Your assignment
Take the material below and extract the lines from the one with "1310348583，圖片 1）。簡介： 。" through the one with "Водонагреватель электрический накопительный", word for word, without pictures.

Supplied data

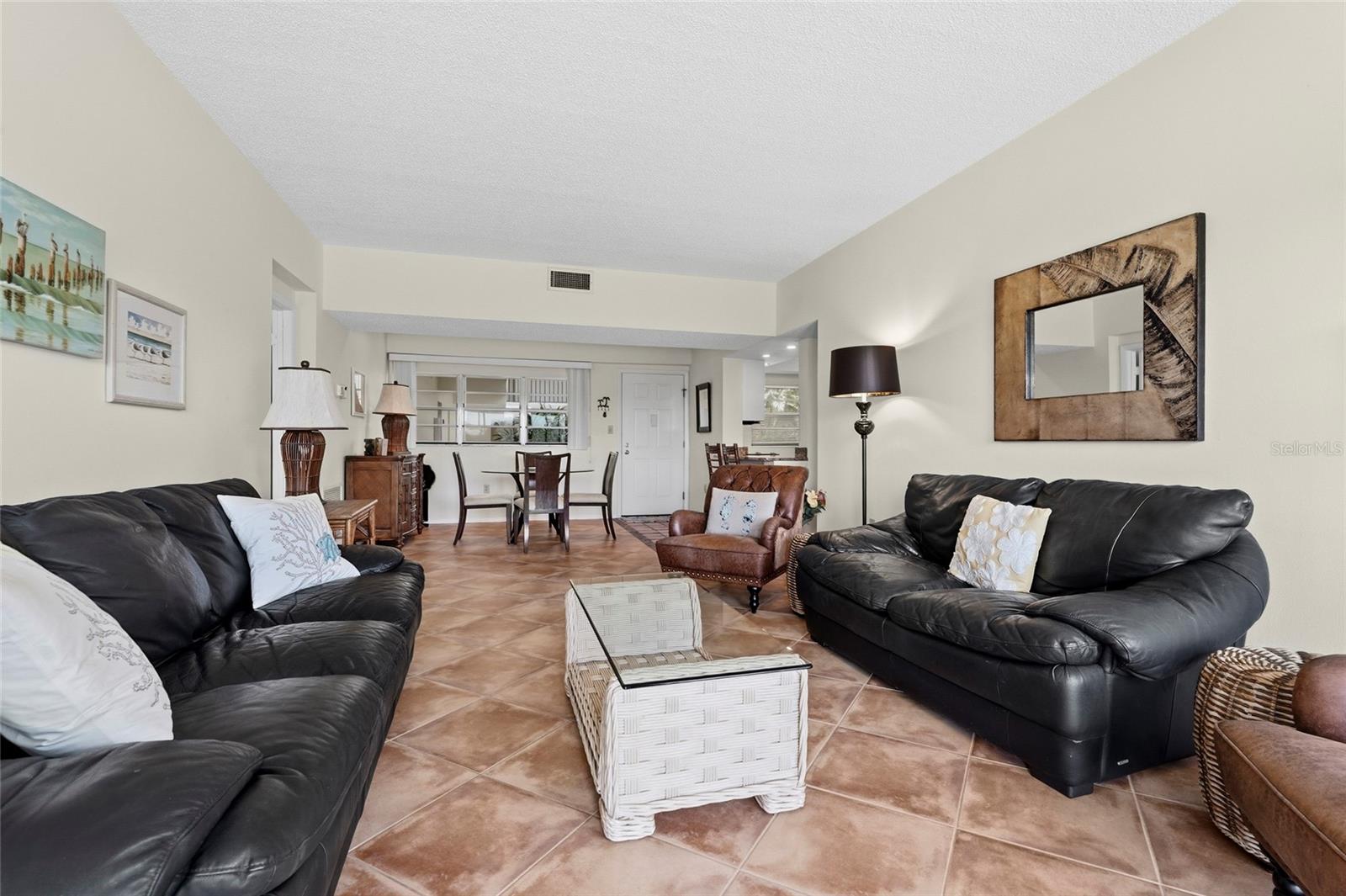 3240 GULF OF MEXICO DR #B104, LONGBOAT KEY, FL, 34228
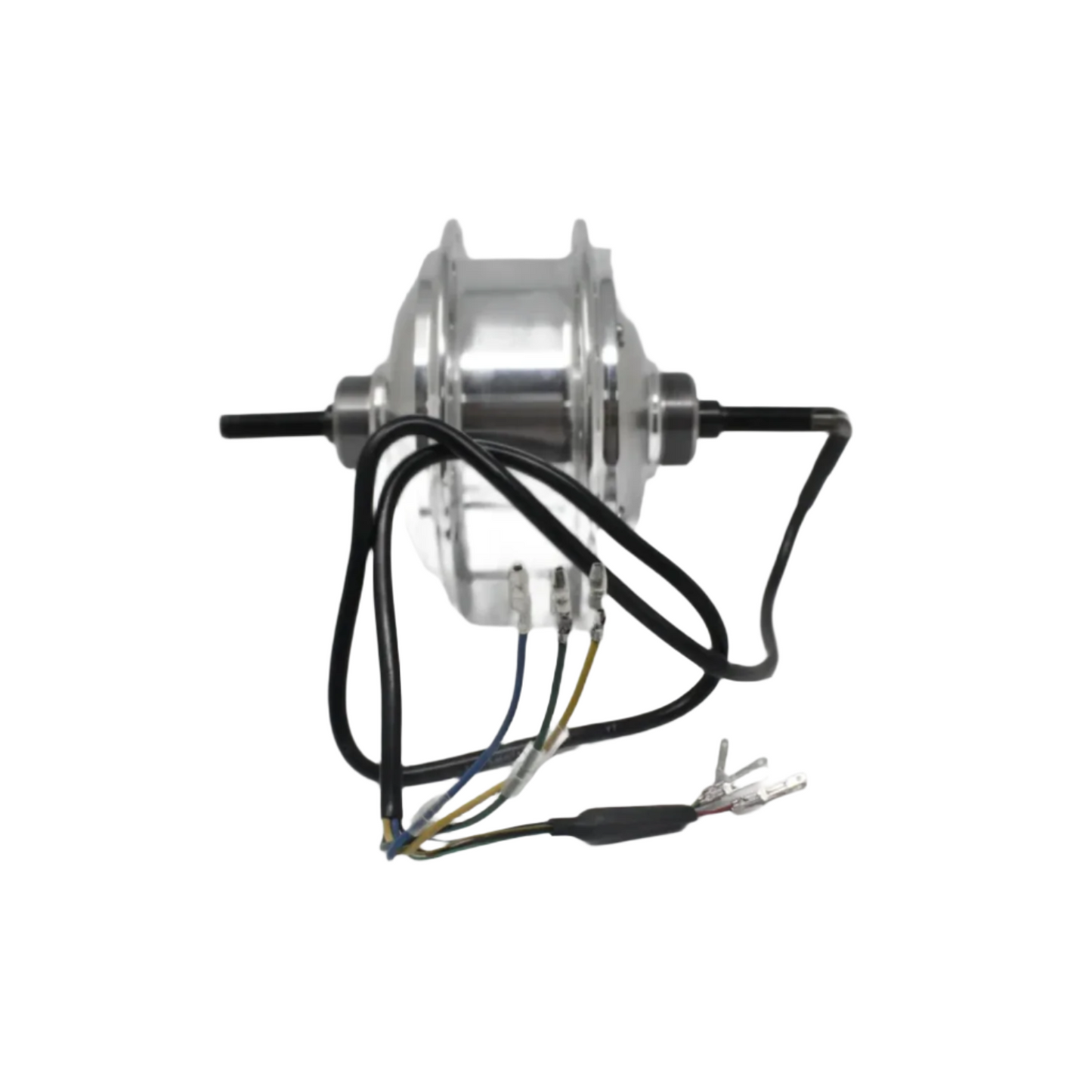 36V EBike Motor
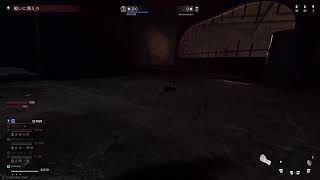 #1あらぶるAIM BO6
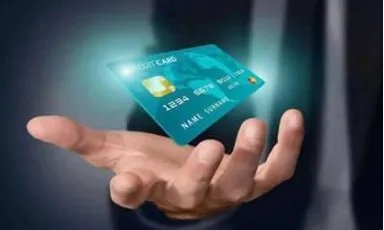 微信信用卡还款要收费多少？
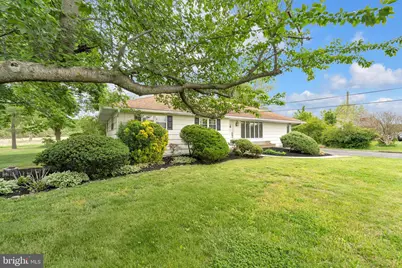 359 Route 54, Buena, NJ 08310 - Photo 3
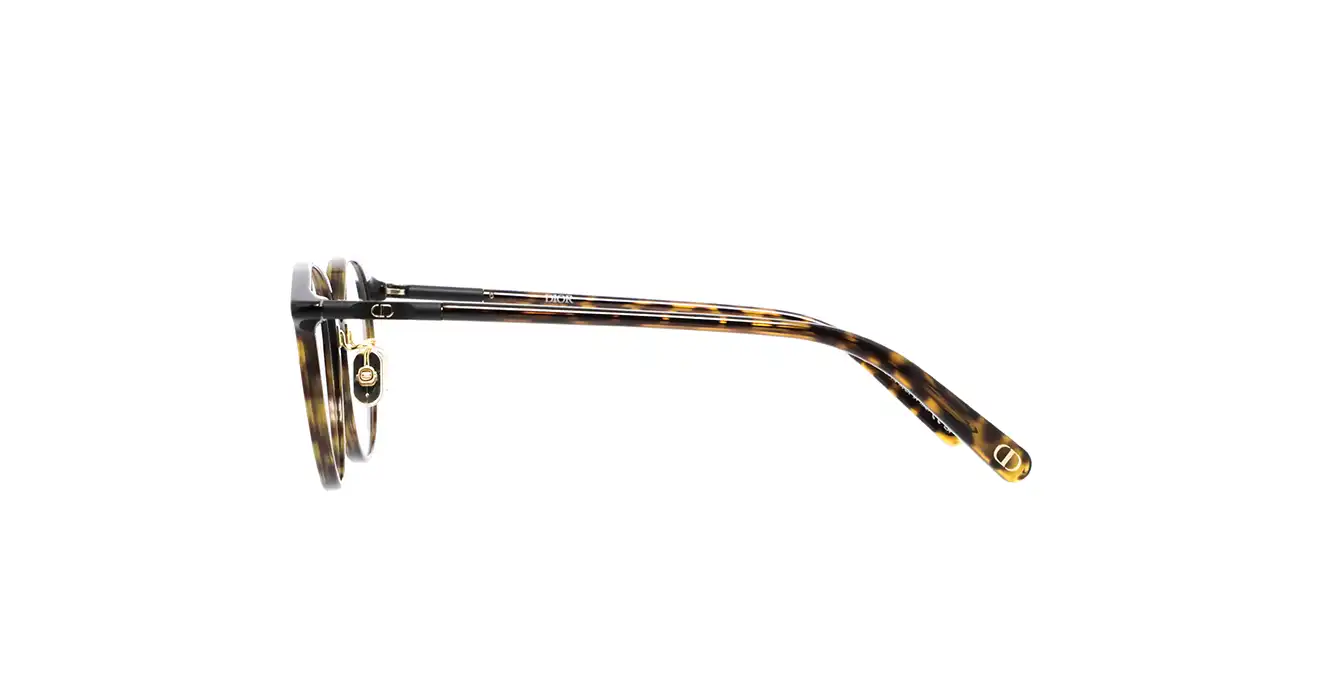 Dior MiniCDO R5F CD50100F 2000 s50
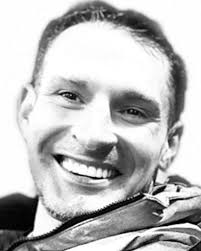 Rodney Allan Ariss Obituary April 13, 2024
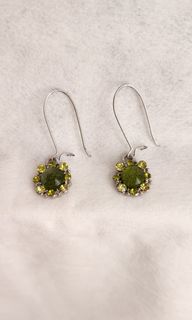 （分類：）位於 。 由 misssleung 提交（商品編號 1310348583，圖片 1）。簡介： 。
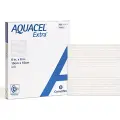 Convatec Aquacel Extra Повязка Аквасель Экстра с усиленным волокном Гидрофайбер, 15х15 см
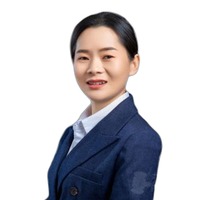 杨金娟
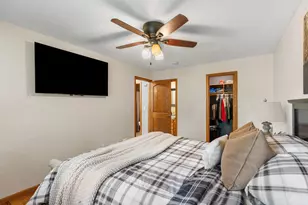 1536 Prairie Hill Rd, Saint Cloud, MN 56301 - Photo 20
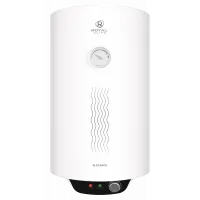 Водонагреватель электрический накопительный RWH-E30-RE Royal Clima НС-1631824 Нижний Новгород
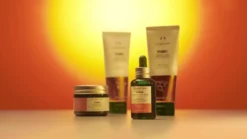 The Body Shop Vitamin C Glow Revealing Serum -Deals Nude Flair Store 7bfc157b e662 4595 a198 73d6b328ba4f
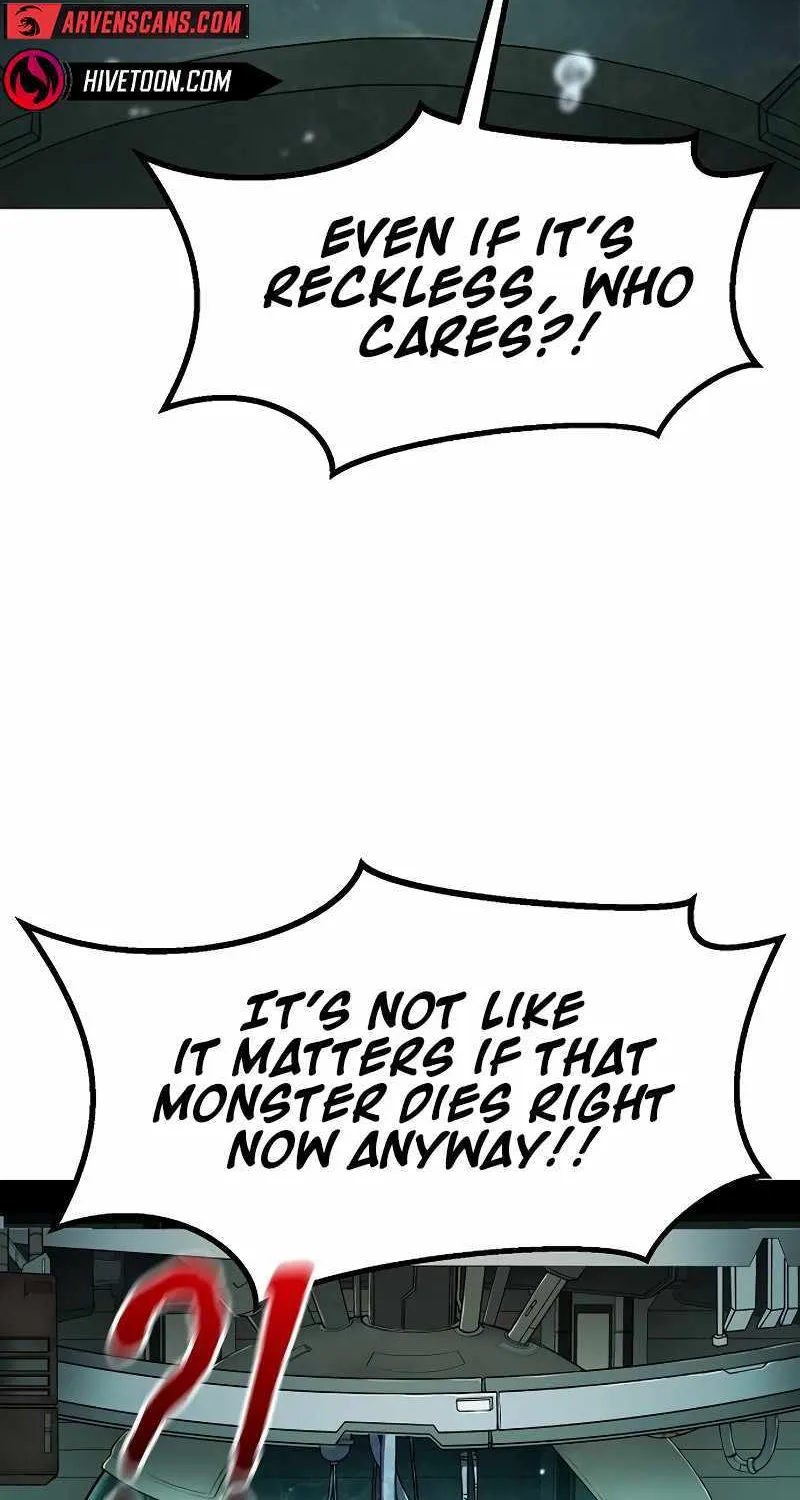 Star of Zenith Chapter 17 page 89 -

Response area
 （分類：）位於 。 由 misssleung 提交（商品編號 1310348583，圖片 1）。簡介： 。
 Convatec Aquacel Extra Повязка Аквасель Экстра с усиленным волокном Гидрофайбер, 15х15 см
 杨金娟
 1536 Prairie Hill Rd, Saint Cloud, MN 56301 - Photo 20
 Водонагреватель электрический накопительный RWH-E30-RE Royal Clima НС-1631824 Нижний Новгород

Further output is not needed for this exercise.